Don’t Believe the Hype
Why Yesterday's Stock Market Rally Is a Head Fake
In case you were out on a walkabout in the Outback and missed Wednesday's stock market action, the S&P 500 (SPX) had a massive 4.33% move upward. There were 3 causes of the move.
First, China cut its reserve ratio requirement by 50 basis points overnight, (which is the most effective means it has for trying to boost bank lending), which sent the markets up a bit over 1%. This is the first time since 2008 they have done so, indicating that the recent weakness in housing and construction markets in China is bad enough that officials acted aggressively today. But the part that should have investors worried is that the Chinese economy is hitting a wall despite massive amounts of bank lending (aka, deficit spending) equal to at least 37% of GDP in each of the last 3 years. Read this Wall Street Journal article for more details. The reserve cut is a sign of weakness. Buyer beware.

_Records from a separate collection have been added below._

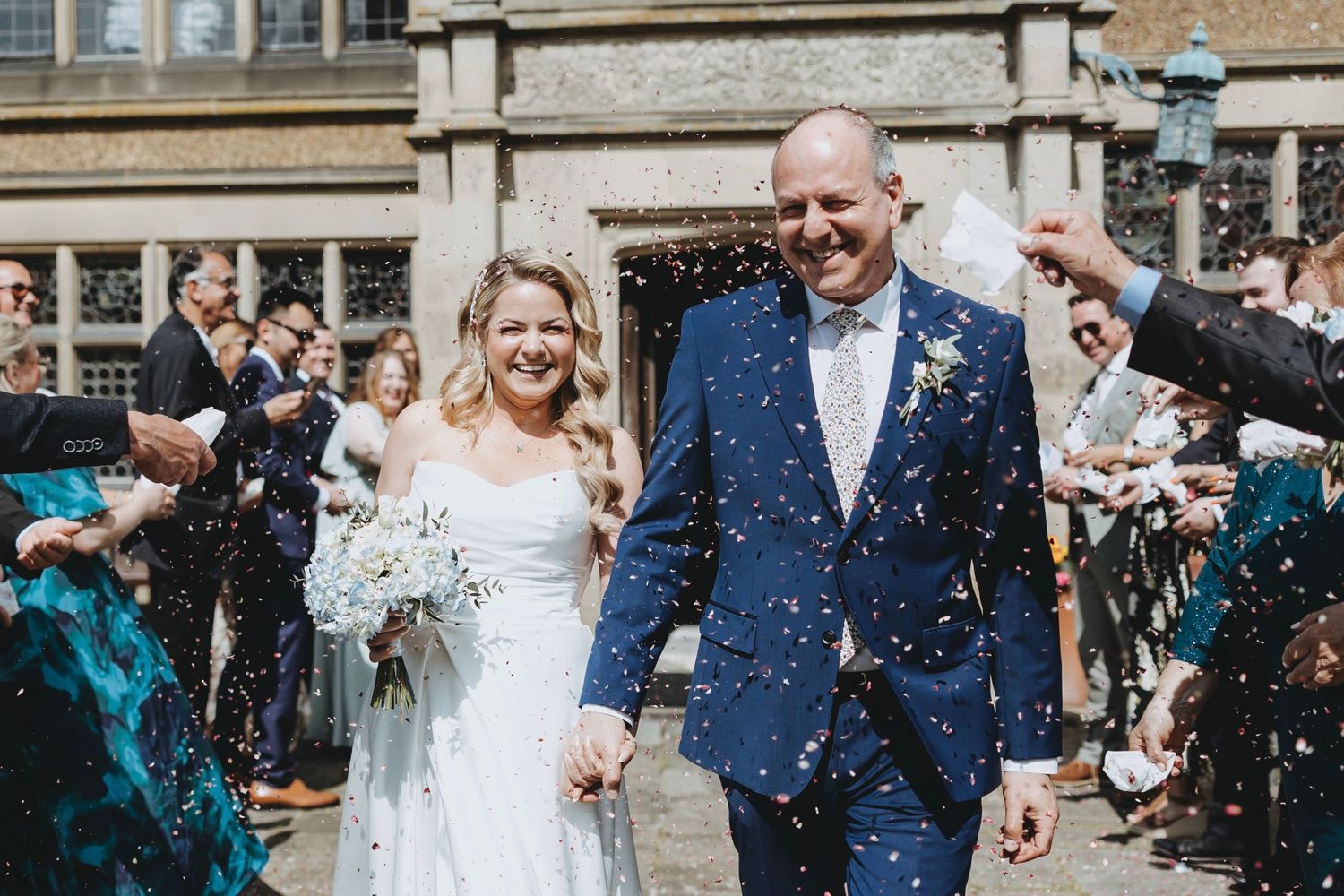 Wedding celebration with guests throwing confetti outside a historic stone building.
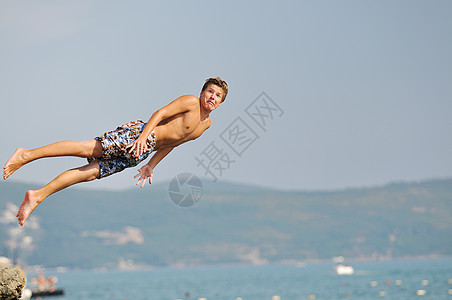 男孩跳海游泳海滨地平线旅行技巧活力喜悦身体蓝色闲暇图片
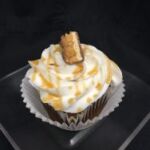 A chocolate cupcake with peanut butter chips, topped with vanilla buttercream and finished with a piece of a Snickers candy bar. Snickers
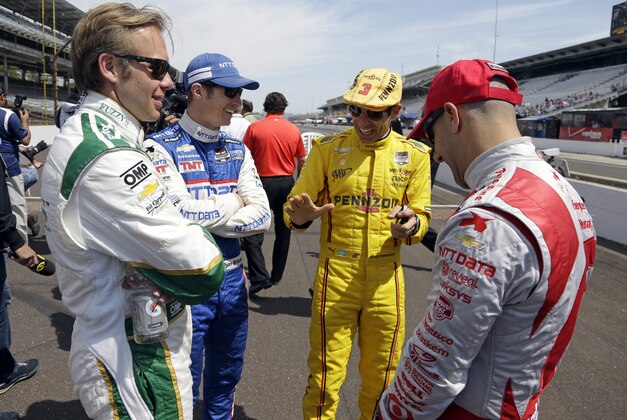 Helio Castroneves, of Brazil, right center, tells a story to fellow drivers Ed Carpenter, left, Ryan Briscoe, of Australia, left center, and Tony Kanaan, of Brazil, before the start of practice for the Indianapolis 500 IndyCar auto race at the Indianapolis Motor Speedway in Indianapolis, Monday, May 19, 2014. (AP Photo/Michael Conroy)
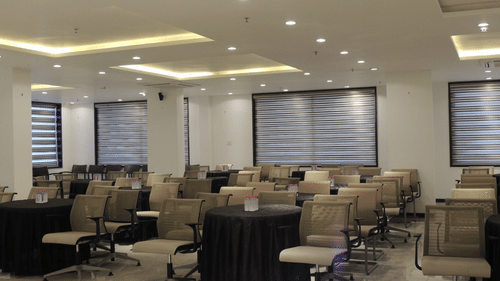 A large, empty conference room at Arawali Ananta Elite, Jaipur with rows of chairs facing a projector screen.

Second, there was coordinated global central bank action to lower swap rates for European banks borrowing dollars. Effectively, the Fed, ECB and other central banks are trying to make it attractive for banks in the Eurozone to borrow dollars directly from the ECB instead of in the private or interbank markets – this mainly has the effect of keeping LIBOR down a bit and possibly easing a liquidity crunch that was (appropriately) seeping into European markets. This was good for another 2% or so move in the markets. However, this does nothing to solve the underlying credit issues that are plaguing Europe, but merely postpones the day of reckoning a bit. For more information on how these Central Bank swap lines work, click here.
The third reason for the move was that the markets were oversold and trading on light volume (which makes the sustainability of the move suspect). Despite the big move on "news", the markets stopped dead in the middle of the resistance band of 1245/1250 on the SPX, which I noted in my recent post. From here, I expect a sideways consolidation in U.S. stocks for a day or two, probably followed by another leg down next week when the hype is replaced by reality. Why the long face? Read on.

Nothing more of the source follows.